Episode 7 of Unmasked begins with Soryong reeling from Han Do’s confession of being Dr. Trigger and explanation that somebody else got a hold of the account to post the compromising photo of her, but we don’t get to sit with it too long before our attention is pulled away to Ho-seong sniffing Soryong and biting a doctor’s ear. Sometimes the show can’t seem to help itself.
But if the multiple personality stuff is a bit silly –it is – and the deliberate red herrings and shuffling of suspicion are a bit transparent – they are – there’s nonetheless a fairly interesting undercurrent when it comes to discussions about justice and reporting. There are important conversations had about the burden of proof, the necessity for clear and irrefutable evidence, and how the truth about crime can be shared – perhaps more appropriately, how the stories of victims can be told – in a truly sensitive and useful way that doesn’t lean on sensationalism.
Because I enjoy this underlying core it frustrates me more when things take silly turns. In Episode 8 of Unmasked, which shifts more to focus on the Seong-wook case, there’s a whole bit with a dog witness and an animal communicator that just feels too silly to ring true. The fact this occurs in the background of a burgeoning rivalry between Soryong and Koo which fuels Soryong’s righteous indignation – a just-right position for her to be in, in my view – is irritating.

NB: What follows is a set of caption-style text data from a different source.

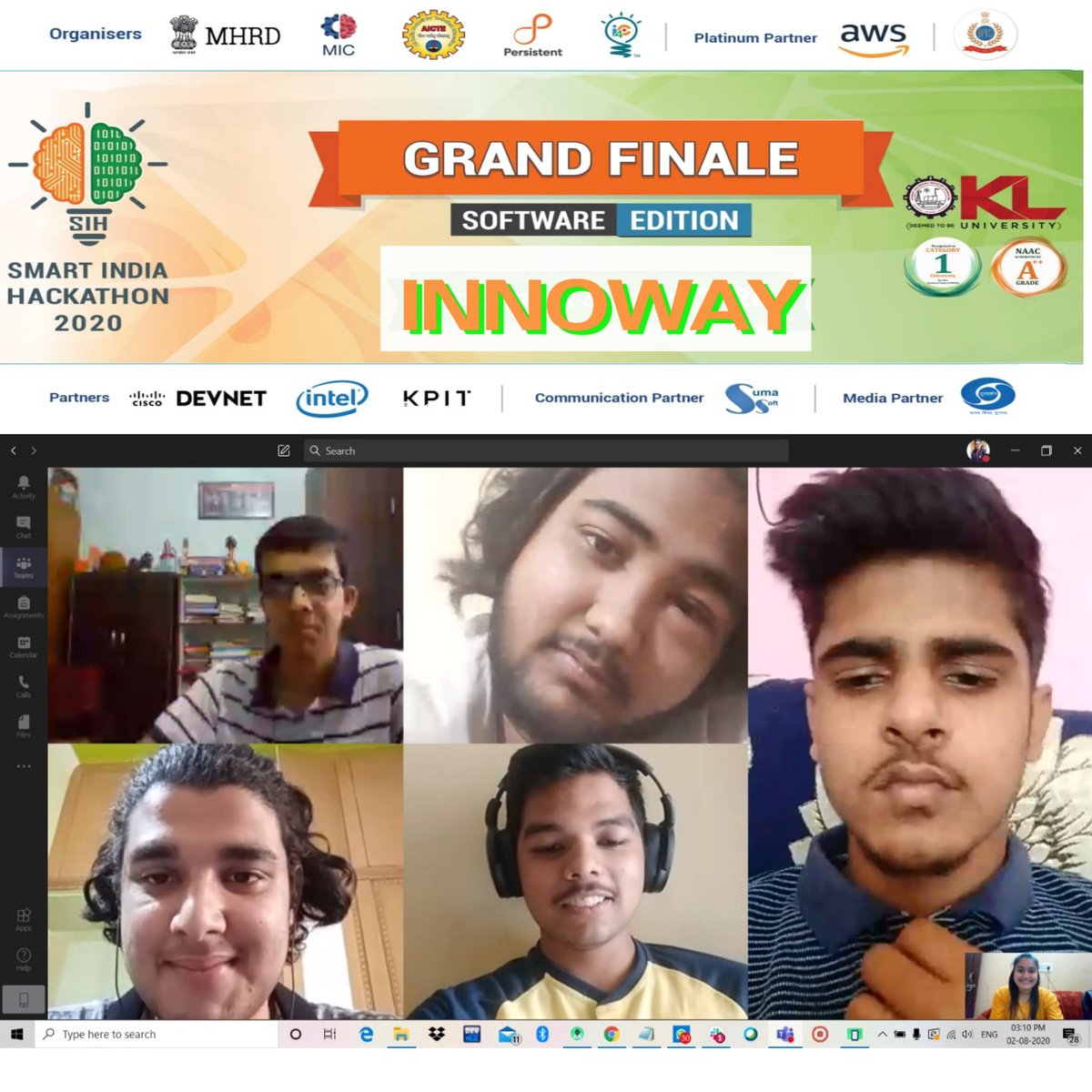 amrita_panth's tweet photo. Team INNOWAY 
Its really Very Enriching experience that we are getting .
Thankyou @SIH_2020 https://t.co/lwIQWkaXrP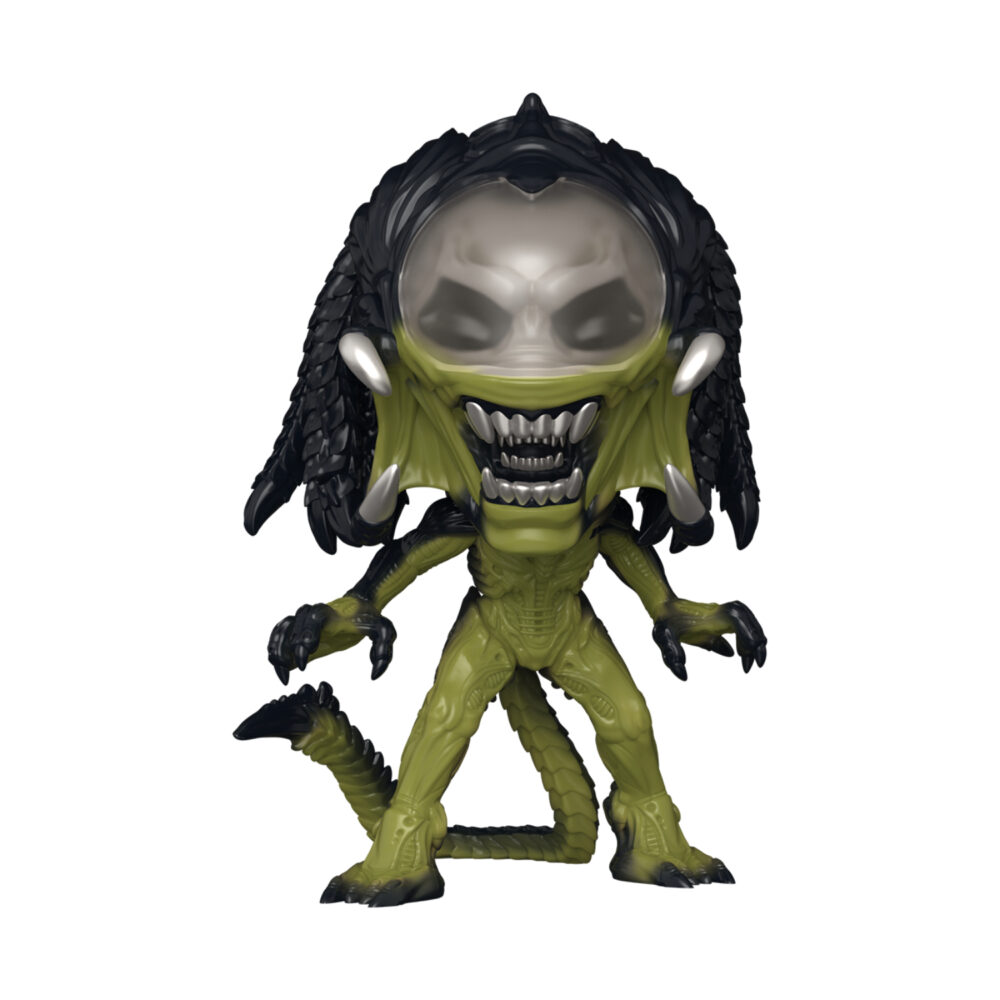 Unboxed Predalien Funko Pop #1997 figure with a translucent dome head, tusks and a green body.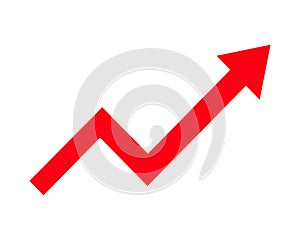 Growing business red arrow on white, Profit red arrow, Vector illustration.Business concept, growing chart.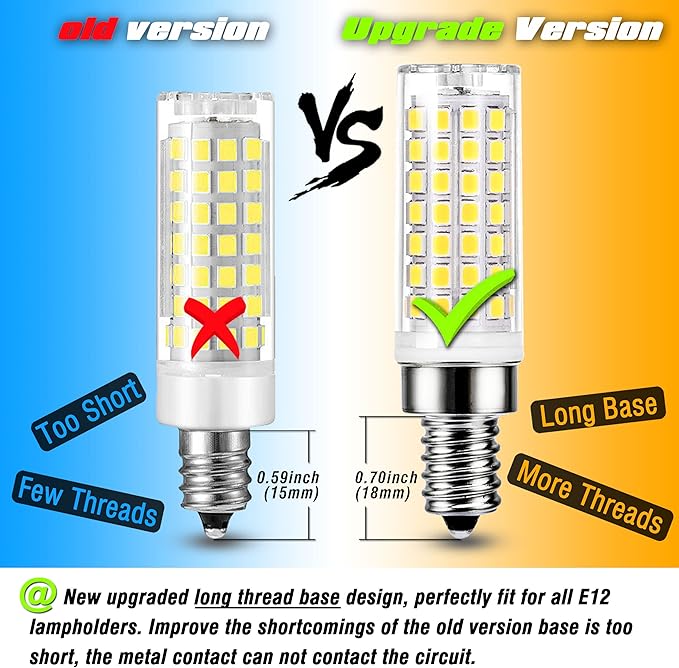 ALIDE E12 75 Watt Replacement LED Candelabra Bulbs C7,4000K Natural White,800LM T6 7.5W LED E12 Chandelier Light Bulbs for Ceiling Fan Pendant Lighting,Non-dimmable,6 Pack - Bloomnest
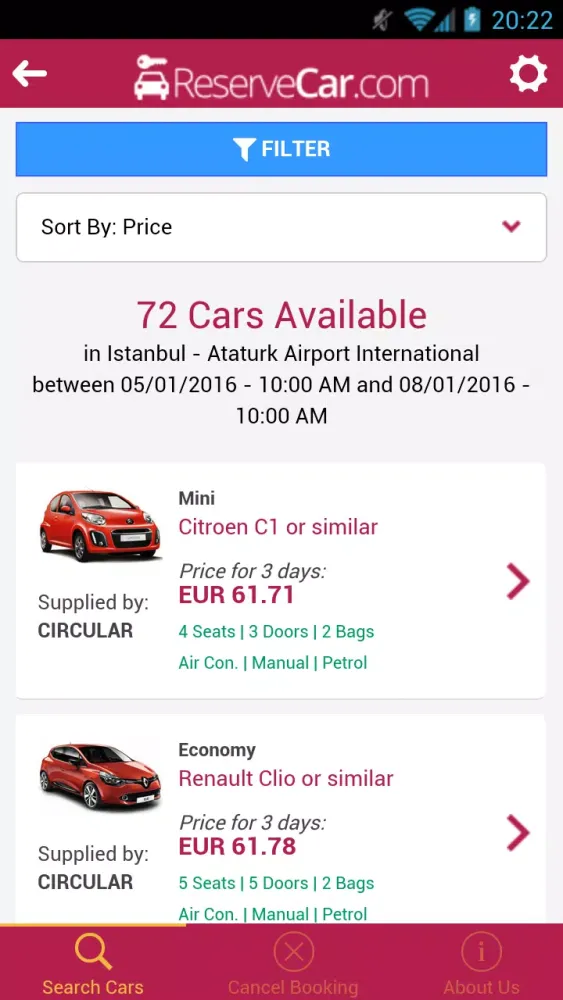 ReserveCar.com - Rental Cars Screenshots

I’m not going to devote a great deal of energy to a dog apparently being able to deduce that Seong-wook was decapitated, because I don’t see how it would do anyone any good. But it does all underscore my lingering criticism of Unmasked, which is that it’s a show arguably too odd to coalesce into anything genuinely engaging.
The eighth episode ends by shining a brighter light on Cho Hae-won, and big progress made in the Seong-wook case with an AI composite of his likeness – extrapolated from an old chewing gum ad – presented to the entire town. But meaningful investment in any of this remains elusive, and it feels a bit odd to me that I’m more interested in the smaller character-based subplots in and around the Trigger office – some of them literally involving producing and writing credits – than I am in what are ostensibly the main narrative developments.
So, we remain undecided. So deep into the season that can’t be a good thing, but at the same time maybe the fact we’ve got so much to chew on means that Unmasked is doing its job.